AppBundler.jl offers recipes for building Julia GUI applications in modern desktop application installer formats. It uses Snap for Linux, MSIX for Windows, and DMG for MacOS as targets. It bundles full Julia within the app, which, together with artifact caching stored in scratch space, allows the bundling to be done quickly, significantly shortening the feedback loop.

The build product of AppBundler.jl is a bundle that can be conveniently finalised with a shell script on the corresponding host system without an internet connection. This allows me to avoid maintaining multiple Julia installations for different hosts and reduces failures due to a misconfigured system state. It is ideal for a Virtualbox setup where the bundle together with bundling script is sent over SSH after which the finalised installer is retrieved.

The configuration options for each installer bundle vary greatly and are virtually limitless; thus, creating a single bundling configuration file for all systems is impractical. To resolve this, the AppBundler recipie system comes into the picture. AppBundler provides default configuration files which substitute a few set variables specified at the Project.toml in a dedicated [bundle] section. This shall cover plenty of use cases. In case the application needs more control, like interfacing web camera, speaker, host network server, etc., the user can place a custom snap.yaml, AppxManifest.xml and Entitlements.plist in the application meta folder, overloading the defaults. Additional files can be provided easily for the bundle by placing them in a corresponding folder hierarchy. For instance, this can be useful for providing custom-sized icon sizes. To see how that works, explore AppBundler.jl/examples and PeaceFounderClient where you can check out the releases page to see what one can expect.

All recipes define a USER_DATA environment variable where apps can store their data. On Linux and Windows those are designated application locations which get removed with the uninstallation of the app, whereas on MacOS, apps use ~/.config/myapp and ~/.cache/myapp folders unless one manages to get an app running from a sandbox in which case the $HOME/Library/Application Support/Local folder will be used.

Thought has also been put into improving the precompilation experience to reduce start-up time for the first run. For MacOS, precompilation can be done before bundling in the /Applications folder by running MyApp.app/Contents/MacOS/precompile. For Linux, precompilation is hooked into the snap configure hook executed after installation. For Windows, a splash screen is shown during the first run, providing user feedback that something is happening. Hopefully, the cache relocability fix in Julia 1.11 will allow us to precompile the Windows bundle as well.

Usage

AppBundler expects an application folder which contains main.jl, Project.toml and Manifest.toml. The application entry point is the main.jl, which allows starting the application with julia --project=. main.jl from the project directory. A Project.toml contains many adjustable template variables under a [bundle] section. The configuration of the bundle sits in a meta folder from where files take precedence over the AppBunlder recepies folder. Thus, it is straightforward to copy a template from the recipes folder, modify and place it in the meta folder if the default configuration does not suffice. See the examples folder to see ways to configure.
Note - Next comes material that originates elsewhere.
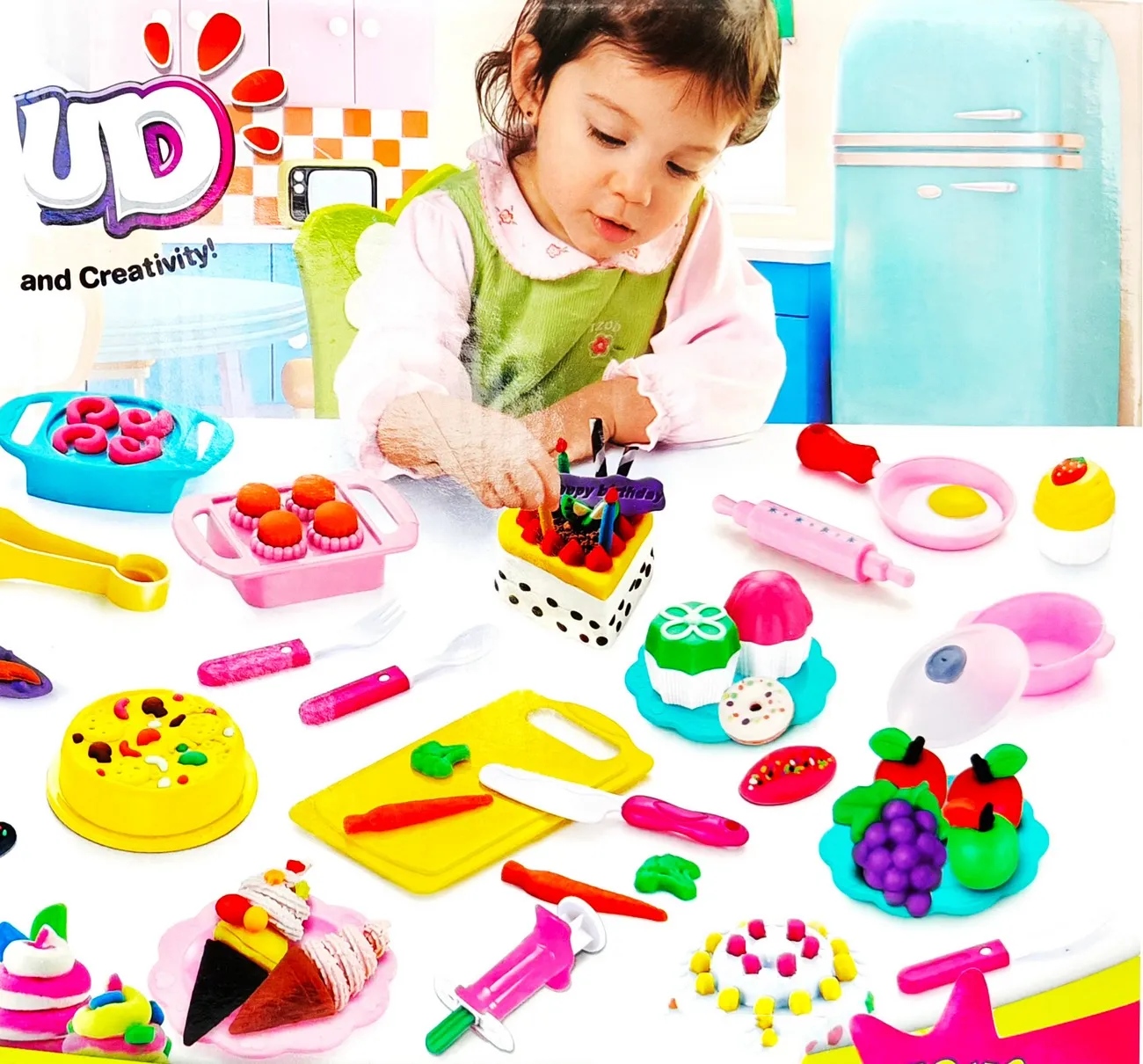 Set / Kit Chef Cocina Preparaciòn Comida Plastilina Juguete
A bundle can be created with AppBundler.bundle_app function as follows:

import AppBundler
import Pkg.BinaryPlatforms: Linux, MacOS, Windows
AppBundler.bundle_app(MacOS(:x86_64), "MyApp", "build/MyApp-x64.app")
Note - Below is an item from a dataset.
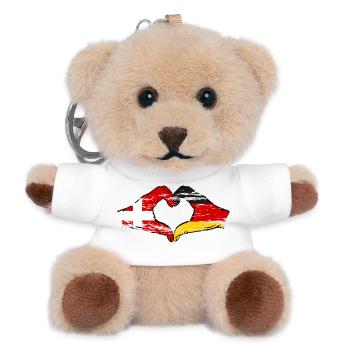 Denmark Germany Heart Shape with Hands Used - Teddy Keyring - white - Front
The first argument is a platform for which the bundle is being made; in this case, MacOS; MyApp is the location for the project, and build/MyApp-x64.app is the location where the bundles will be stored. For Linux, the extension .snap and Windows .zip for destination determines whether the output is compressed, which can be overridden by compress=false in the keyword arguments.
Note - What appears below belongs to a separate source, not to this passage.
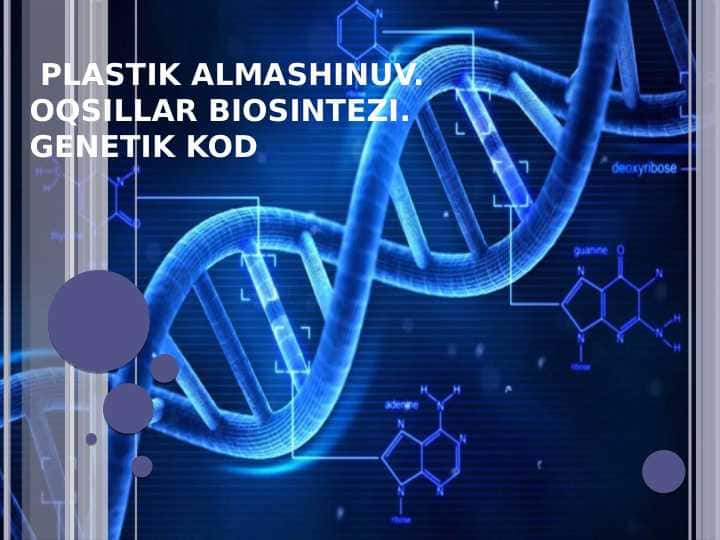 Plastik almashinuv. Oqsillar biosintezi. Genetik kod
The resulting bundles can be easily tested on the resulting platforms. The testing phase works without any postprocessing as follows:

  • MacOS: Double-click on the resulting app bundle to open the application.
  • Linux: the snap can be installed from a command line snap install --classic --dangerous app.snap
  • Windows: the bundle can be tried from the application directory with the PowerShell command Add-AppPackage -register AppxManifest.xml

Note that you will face difficulties when using AppBundler from Windows for Linux, macOS and other UNIX operating systems, as Windows does not have a concept of execution bit. By hand, you could set chmod +x to every executable on the resulting platform. Technically, this can be resolved by directly bundling files into a tar archive and processing the incoming archives without extraction, but this will not happen. Thus, it is better to use WSL when bundling for other platforms on Windows.

Post Processing

After the bundle is created, it needs to be finalised on the host system, where precompilation and, usually, bundle signing must be performed.

MacOS

  1. Precompilation can be done myapp.app/Contents/MacOS/precompile, which will generate a compilation cache in myapp.app/Contents/Frameworks/compiled folder. As a hack, precompilation can be done from the /Applications/MyApp folder so that users would not need to wait for precompilation when starting the app (untested).
  2. Before an application can be signed, we need to create an executable which can store signatures in metadata. Rename the bash launcher script as MacOS/main and compile Resources/launcher.c using gcc and move the executable to the launcher location MacOS/myapp. The executable will start `MacOS/main; thus, little can go wrong there.
  3. Code signing can be performed with codesign. Resources/Entitlements.plist file contains entitlements which should be used when signing the final bundle.
  4. For the creation of a dmg bundle, the dmgbuild is recommended, which can be installed conveniently with pip install dmgbuild. For convenience, Resources/dmg_settings.py is provided, which allows to dmgbuild -s "MyApp/Contents/Resources/dmg_settings.py" -D app="MyApp" "MyApp Installer" "MyApp.dmg"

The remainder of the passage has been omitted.